- Available data
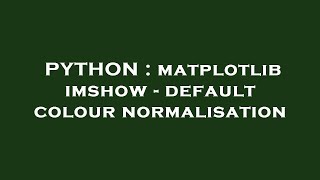 PYTHON : matplotlib imshow - default colour normalisation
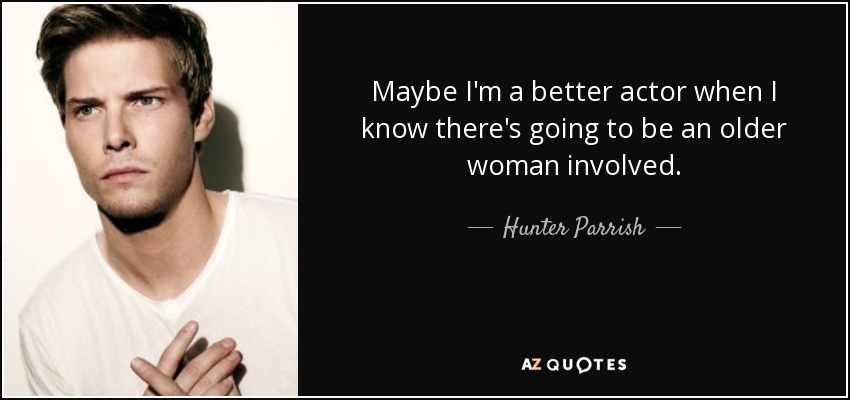 Maybe I'm a better actor when I know there's going to be an older woman involved. - Hunter Parrish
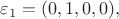 $\varepsilon_1=(0,1,0,0),$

- Task to carry out
Everything in the material must be duplicated exactly, except the pictures.

- Response to this exercise
 PYTHON : matplotlib imshow - default colour normalisation
 Maybe I'm a better actor when I know there's going to be an older woman involved. - Hunter Parrish
 $\varepsilon_1=(0,1,0,0),$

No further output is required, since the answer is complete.